The emotional roller coaster continues to operate at high speed.
Wednesday was bad. I met with the social worker at the nursing home and signed the DNR orders for Mom. Did you know that there are two main types of Do Not Resusitate orders? The first, DNR-A, specifies maximum effort to prevent cardiac arrest, but no CPR should arrest occur. The second, DNR-B, specifies minimal effort to prevent cardiac arrest, and no CPR should arrest occur.
I chose B. I also specified comfort care, no antibiotics, no intravenous nutrition, no respiratory intervention. I felt like a one-woman death panel.
Thursday was awful, although it actually started Wednesday night when we found out, quite by chance, that our checking account was overdrawn by $2400. Yes, twenty-four hundred dollars. It turns out that a check I had deposited several days ago bounced! So on Thursday I had to deal with that, and I couldn't deal with until after a 90-minute meeting first thing in the morning.
I was, to put it mildly, a little stressed. It evidently showed, because at least four people asked me if I was all right. The last person to ask if I was all right was in the meeting, just as it was getting started. When she asked, I said, "No!" and promptly starting tearing up, so I left the conference room and found my way to a relatively private nook and pulled myself together. I went back in and made it through the rest of the meeting, then called the business that had written the rubber check.
They were shocked -- shocked! -- to find that the check had bounced and promised to take care of it right away. I started feeling a little bit better.
And then my older sister called to tell me that it looked like Mom was fading fast. So I grabbed everything, called Joe, and beat feet out to the nursing home. When we got there Mom was actually awake. She even talked, although it was more like repeating what we said. She ate a few bites of soup.

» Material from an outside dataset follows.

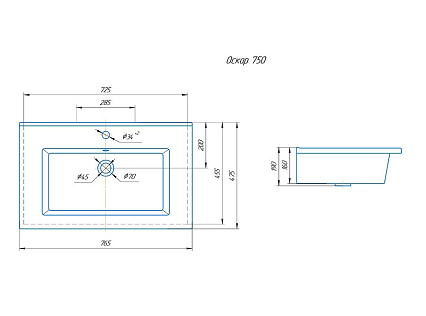 Мебель для ванной Vigo Grani 75 см напольная, 2 ящика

Mostly, though, she slept.
I took Friday off -- I really didn't want to chance a repeat of the Thursday tear-fest. We got out to the nursing home shortly after lunch. Amazingly, Mom seemed more with it. She talked more (though it wasn't really conversation). She smiled. She called me a dumbass and said I didn't know my ass from a hole in the ground. (Gee, thanks Ma!) She had quite a few visitors. She ate a whole bowl of soup and drank some milk.
The bank account situation got resolved too, so that was a huge load off my mind.
In the evening a bunch of us went over to the assisted living home and moved out more of Mom's furniture. Joe and I took the sofa. We ate a late dinner, all together, and talked a lot. It always feels so much better when we all talk. We get each other; we can say what we're really feeling and it's okay. Somehow we always manage to laugh.
Saturday Joe and I went to the Capitals Convention and had a ball. I put all my worries on hold and just had fun. I got some great autographs, went to a couple of interesting panels, and ran into some old pals. In the middle of this, my older sister called to report that Mom was really much better! She had been out of bed, in the wheelchair, talking coherently, and ate some lunch in the dining room. A miracle!
Today we went to the Caps game, a preseason tussle with the Rangers. The game was great -- the Caps won 4-3. Then Joe took me on my own private tour of the new Sant Ocean Hall at the Smithsonian Museum of Natural History. (He's working in the hall as a docent.) Then we checked out the dinosaurs and the gems and minerals (Hello, Hope Diamond!).
Tired but happy, we got on the subway. Halfway home, my younger sister called. Mom may have been great yesterday, but today she took a real turn for the worse. She spiked a fever, she was terribly lethargic, and she didn't eat or drink. Off we went to the nursing home. She was sleeping, but it was a deep, deep sleep. We couldn't wake her. After standing around for awhile, we all agreed to head home.
So we have fun. We keep life going. And we wait.